- Source material:
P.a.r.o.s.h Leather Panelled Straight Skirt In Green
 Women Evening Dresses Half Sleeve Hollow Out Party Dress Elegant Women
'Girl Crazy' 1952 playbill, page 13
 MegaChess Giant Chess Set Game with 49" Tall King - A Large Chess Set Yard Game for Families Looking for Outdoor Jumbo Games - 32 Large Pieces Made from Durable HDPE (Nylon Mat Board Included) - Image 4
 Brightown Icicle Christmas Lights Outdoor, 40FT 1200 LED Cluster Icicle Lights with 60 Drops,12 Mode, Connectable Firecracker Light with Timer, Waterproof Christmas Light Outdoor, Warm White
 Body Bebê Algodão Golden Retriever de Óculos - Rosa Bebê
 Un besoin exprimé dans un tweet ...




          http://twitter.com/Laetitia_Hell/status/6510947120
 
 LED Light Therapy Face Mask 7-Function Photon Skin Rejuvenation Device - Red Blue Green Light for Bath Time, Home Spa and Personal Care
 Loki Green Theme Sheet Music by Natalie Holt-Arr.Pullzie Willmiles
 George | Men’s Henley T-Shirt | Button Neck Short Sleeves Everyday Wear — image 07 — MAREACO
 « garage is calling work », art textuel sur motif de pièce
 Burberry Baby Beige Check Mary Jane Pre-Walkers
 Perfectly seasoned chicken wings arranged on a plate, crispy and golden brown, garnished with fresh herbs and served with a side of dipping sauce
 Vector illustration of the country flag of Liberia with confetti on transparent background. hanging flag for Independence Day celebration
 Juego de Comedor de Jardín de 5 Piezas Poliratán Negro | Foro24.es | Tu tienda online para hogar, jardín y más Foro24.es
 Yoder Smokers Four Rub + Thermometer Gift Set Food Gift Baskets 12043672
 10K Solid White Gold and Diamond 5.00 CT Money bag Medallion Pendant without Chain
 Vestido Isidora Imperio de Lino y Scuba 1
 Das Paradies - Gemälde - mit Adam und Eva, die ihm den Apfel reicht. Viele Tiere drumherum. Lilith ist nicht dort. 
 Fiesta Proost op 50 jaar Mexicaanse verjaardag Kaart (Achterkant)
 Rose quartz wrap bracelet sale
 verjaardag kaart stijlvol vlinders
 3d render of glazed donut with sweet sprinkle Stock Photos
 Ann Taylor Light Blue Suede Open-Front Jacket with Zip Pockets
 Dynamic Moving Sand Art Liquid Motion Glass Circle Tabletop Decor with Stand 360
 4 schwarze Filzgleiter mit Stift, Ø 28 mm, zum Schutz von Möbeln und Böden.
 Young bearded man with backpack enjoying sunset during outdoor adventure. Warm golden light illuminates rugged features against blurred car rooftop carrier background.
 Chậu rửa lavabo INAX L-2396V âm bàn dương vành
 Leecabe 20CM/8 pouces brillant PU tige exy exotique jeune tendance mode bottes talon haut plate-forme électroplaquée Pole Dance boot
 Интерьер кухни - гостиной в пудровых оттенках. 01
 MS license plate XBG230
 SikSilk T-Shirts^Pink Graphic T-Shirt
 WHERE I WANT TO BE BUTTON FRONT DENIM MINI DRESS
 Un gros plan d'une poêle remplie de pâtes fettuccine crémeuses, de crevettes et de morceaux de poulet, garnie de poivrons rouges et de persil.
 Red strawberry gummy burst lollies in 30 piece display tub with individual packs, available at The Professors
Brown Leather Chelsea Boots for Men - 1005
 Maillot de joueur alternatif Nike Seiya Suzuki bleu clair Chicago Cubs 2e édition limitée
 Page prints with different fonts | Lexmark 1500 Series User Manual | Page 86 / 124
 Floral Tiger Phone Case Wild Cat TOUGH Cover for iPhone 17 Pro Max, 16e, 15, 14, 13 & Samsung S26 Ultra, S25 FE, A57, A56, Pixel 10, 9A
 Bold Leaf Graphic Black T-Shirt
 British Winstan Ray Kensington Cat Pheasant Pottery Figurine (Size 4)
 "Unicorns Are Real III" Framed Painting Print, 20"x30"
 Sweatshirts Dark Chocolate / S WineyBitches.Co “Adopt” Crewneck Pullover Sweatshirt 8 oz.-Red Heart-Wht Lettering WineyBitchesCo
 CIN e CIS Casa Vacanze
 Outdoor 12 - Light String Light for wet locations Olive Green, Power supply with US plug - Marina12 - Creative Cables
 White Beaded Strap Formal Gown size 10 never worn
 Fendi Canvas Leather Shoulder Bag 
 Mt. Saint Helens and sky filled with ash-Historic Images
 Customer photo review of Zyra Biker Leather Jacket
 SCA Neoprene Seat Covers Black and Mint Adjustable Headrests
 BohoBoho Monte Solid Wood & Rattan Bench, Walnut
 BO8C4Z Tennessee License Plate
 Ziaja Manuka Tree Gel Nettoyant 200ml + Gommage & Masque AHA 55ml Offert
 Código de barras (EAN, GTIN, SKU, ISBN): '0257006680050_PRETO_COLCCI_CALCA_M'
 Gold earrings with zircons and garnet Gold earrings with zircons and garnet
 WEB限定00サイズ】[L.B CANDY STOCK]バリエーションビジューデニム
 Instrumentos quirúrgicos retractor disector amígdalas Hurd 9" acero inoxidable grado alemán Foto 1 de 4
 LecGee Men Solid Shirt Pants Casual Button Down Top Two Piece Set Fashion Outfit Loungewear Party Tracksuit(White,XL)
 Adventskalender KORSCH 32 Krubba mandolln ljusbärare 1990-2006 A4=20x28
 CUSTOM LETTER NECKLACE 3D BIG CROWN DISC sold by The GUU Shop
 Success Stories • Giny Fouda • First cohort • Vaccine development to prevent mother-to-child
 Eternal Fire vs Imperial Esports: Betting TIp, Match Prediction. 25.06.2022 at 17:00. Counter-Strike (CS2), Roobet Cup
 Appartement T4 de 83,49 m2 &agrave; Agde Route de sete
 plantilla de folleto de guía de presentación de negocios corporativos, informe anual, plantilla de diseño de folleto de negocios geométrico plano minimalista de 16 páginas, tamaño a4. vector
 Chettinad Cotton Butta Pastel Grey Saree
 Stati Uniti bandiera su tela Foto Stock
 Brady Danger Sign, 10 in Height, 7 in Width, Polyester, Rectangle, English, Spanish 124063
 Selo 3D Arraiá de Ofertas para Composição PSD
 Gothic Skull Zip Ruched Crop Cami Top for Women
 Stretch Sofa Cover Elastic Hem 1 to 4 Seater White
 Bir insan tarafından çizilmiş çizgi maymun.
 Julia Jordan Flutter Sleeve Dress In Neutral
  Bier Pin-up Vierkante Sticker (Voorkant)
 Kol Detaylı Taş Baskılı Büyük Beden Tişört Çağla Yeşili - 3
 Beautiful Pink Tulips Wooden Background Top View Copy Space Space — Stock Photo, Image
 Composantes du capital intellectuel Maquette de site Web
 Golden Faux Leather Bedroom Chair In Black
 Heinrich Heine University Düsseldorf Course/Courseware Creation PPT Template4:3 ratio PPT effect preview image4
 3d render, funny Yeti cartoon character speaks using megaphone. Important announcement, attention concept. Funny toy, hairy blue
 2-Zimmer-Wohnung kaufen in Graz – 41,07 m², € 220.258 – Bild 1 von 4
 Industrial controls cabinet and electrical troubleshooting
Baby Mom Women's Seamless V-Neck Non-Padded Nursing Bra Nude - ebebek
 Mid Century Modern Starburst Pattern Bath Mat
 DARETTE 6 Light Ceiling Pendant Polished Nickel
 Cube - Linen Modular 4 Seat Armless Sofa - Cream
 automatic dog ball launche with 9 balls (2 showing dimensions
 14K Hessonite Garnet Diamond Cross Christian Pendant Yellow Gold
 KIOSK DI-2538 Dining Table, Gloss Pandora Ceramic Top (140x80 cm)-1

- Work required: Copy only this part of the entries above: the line with "Fiesta Proost op", the line with "Chậu rửa lavabo", and the lines between, all exactly as written.

- Task output:
 Fiesta Proost op 50 jaar Mexicaanse verjaardag Kaart (Achterkant)
 Rose quartz wrap bracelet sale
 verjaardag kaart stijlvol vlinders
 3d render of glazed donut with sweet sprinkle Stock Photos
 Ann Taylor Light Blue Suede Open-Front Jacket with Zip Pockets
 Dynamic Moving Sand Art Liquid Motion Glass Circle Tabletop Decor with Stand 360
 4 schwarze Filzgleiter mit Stift, Ø 28 mm, zum Schutz von Möbeln und Böden.
 Young bearded man with backpack enjoying sunset during outdoor adventure. Warm golden light illuminates rugged features against blurred car rooftop carrier background.
 Chậu rửa lavabo INAX L-2396V âm bàn dương vành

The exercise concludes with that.